I have the EH Holy Grail (regular) as I like a small amount of reverb and neither of the heads I play through has reverb. Personally, I think the Verbzilla is a better pedal (though, also not inexpensive ) and has more options. Boss makes a reverb pedal also.

If you decide on the Holy Grail, after trying a few and comparing, you could PM me and we could discuss the possibilities . At least it would be less than a new one.

The Holy Grail I have works off a power supply (wall wart) and can not use batteries to power it. 


cheers

Dave


----------



## Budda (May 29, 2007)

does danelectro have a reverb pedal? should do the trick.


----------



## greco (Jul 15, 2007)

Budda said:


> does danelectro have a reverb pedal? should do the trick.


Good idea...I think that they make one and their stuff is usually not expensive.

Dave


----------



## Edutainment (Jan 29, 2008)

They have one called the Spring King. It's the same price as the Holy Grail. It's not one of those little plastic ones. I've read good things about it.

http://www.musiciansfriend.com/product/Danelectro-Spring-King-Spring-Reverb?sku=151904


----------



## Greenbacker (Mar 29, 2007)

Digitech Digiverb! Awesome sounds out of this thing and also has a tone knob to boot! I use my RRR nowbecause it is True Bypass, but I miss those textures for sure! You can find em used for pretty cheap. One just went off of this forum for $65 shipped.


----------



## Budda (May 29, 2007)

i was on the dano site yesterday, they have the dan-echo ($90) and a 2-knob unit for $30.


----------



## Ripper (Jul 1, 2006)

Budda said:


> i was on the dano site yesterday, they have the dan-echo ($90) and a 2-knob unit for $30.
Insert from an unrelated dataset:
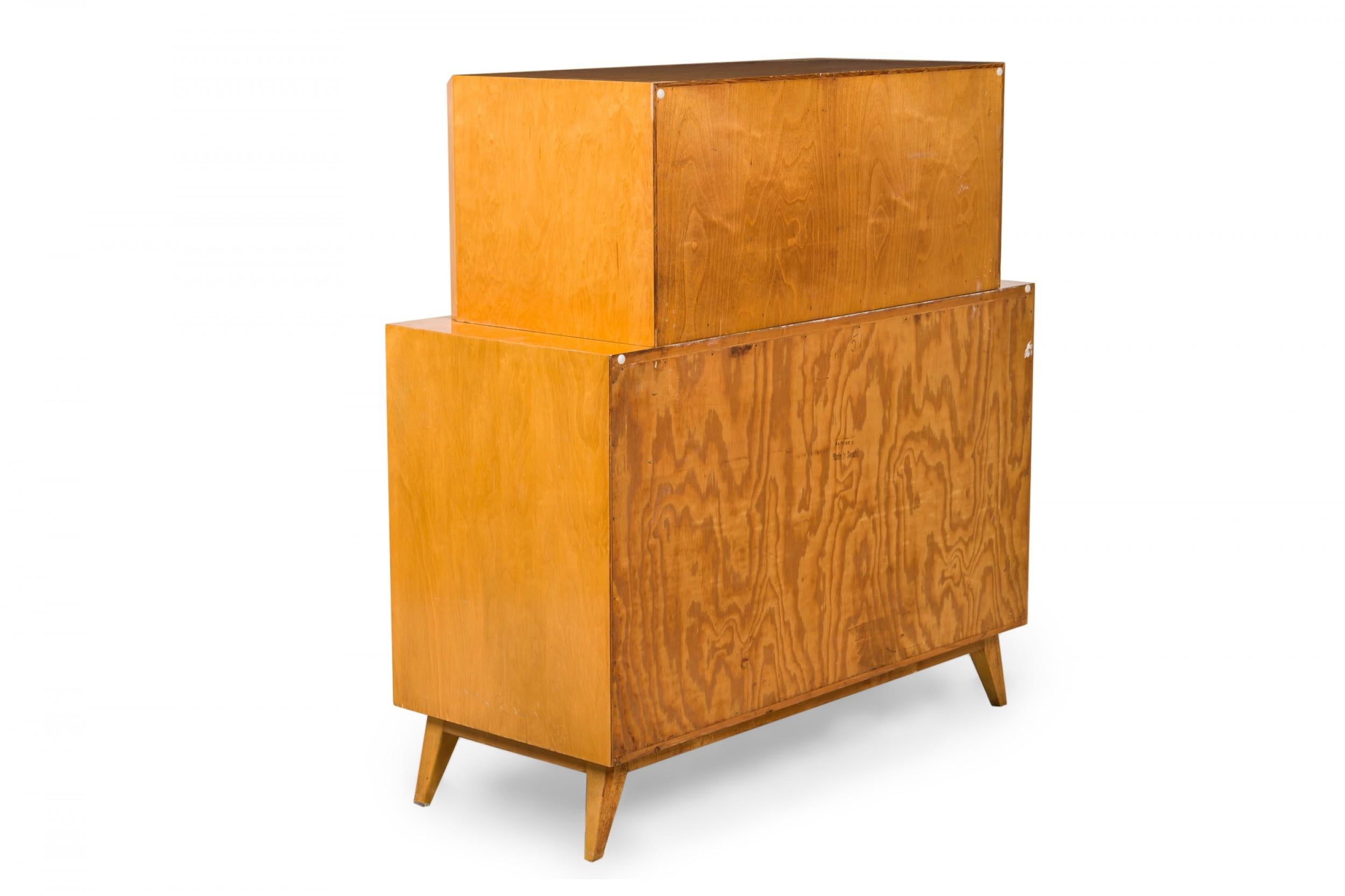Mid-Century moderno Cassettiera americana a 2 cassetti alti in legno di Edmond Spence, metà del secolo scorso in vendita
I've got a Dan Echo and love it. It can do a decent reverb simulation and it is a very versatile pedal, but I still wouldn't give up my Holy Grail from a reverb standpoint.


----------



## mhammer (Nov 30, 2007)

While it is thoroughly capable of making people happy for all the right reasons, delay does *not* equal reverb. Where delay involves repetitions at a specific defined time interval, reverberation involves reflections/repeats at a variety of delay times, all occurring in parallel (think of it like 20 sonic ping-pong balls all being shot off at the same time in different directions). You can do that mechanically with a spring-reverb pan or you can do it digitally. Though there are a number of reasons for people to prefer analog pedals to digital, reverb is NOT one of them. Digital does reverb much better than analog electronics (and I do not include springs in there).
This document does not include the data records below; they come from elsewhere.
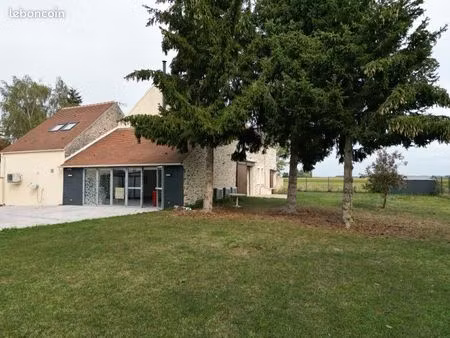 superbe maison de 260m2 avec dépendance et piscine couverte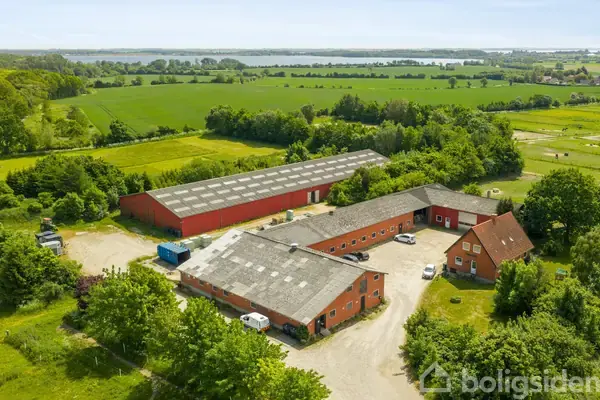 Landejendom på Sundbrovej 87, 5700 Svendborg
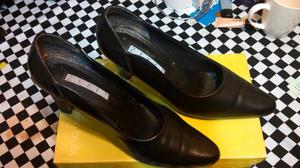 Zapatos Talle 40 Altos Impecables Color Negro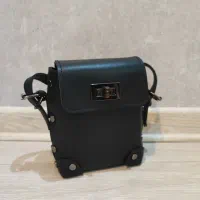 کیف|کیف، کفش، کمربند|رشت, کوی جام جم|دیوار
What I will note, however, is that almost any conventional analog delay pedal can do a decent job at provide a kind of "aural wash" in the background, useful in much the same way as true reverb, by simply providing some treble cut to the repeat path. What that does is to remove progressively more and more treble with each repeat, in much the same way that natural reverberant spaces tend to. Most decidedly NOT the same as reverb, but certainly much more in that direction.


----------



## Tom Sawyer (Mar 21, 2007)

I use a Holier Grail but if I was going to buy a cheaper reverb pedal I'd probably get the Dan Electro. Those are about the nicest I've heard in the price range your looking at.


----------



## Budda (May 29, 2007)

does the dan-echo do a good job of spring-reverb type sounds?
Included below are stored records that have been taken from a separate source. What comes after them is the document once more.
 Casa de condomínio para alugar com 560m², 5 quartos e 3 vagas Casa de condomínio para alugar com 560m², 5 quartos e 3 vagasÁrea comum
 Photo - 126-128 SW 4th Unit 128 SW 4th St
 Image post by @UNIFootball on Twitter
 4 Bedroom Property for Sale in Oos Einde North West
I am also looking for a reverb pedal, figuring i can score one of these on ebay when i have $$


----------



## david henman (Feb 3, 2006)

...line six verbzillas show up pretty regularly on craiglist.

highly recommended.

-dh


----------



## mhammer (Nov 30, 2007)

Budda said:


> does the dan-echo do a good job of spring-reverb type sounds?


It's an analog delay, which means that the repeats are all at the same interval. If you set the unit for a short time-delay and turn up the regeneration to get a long decay so as to mimic reverb, you'll get a boxey sound. That's true with virtually any analog delay, and is fundamentally different from a spring or digital reverb.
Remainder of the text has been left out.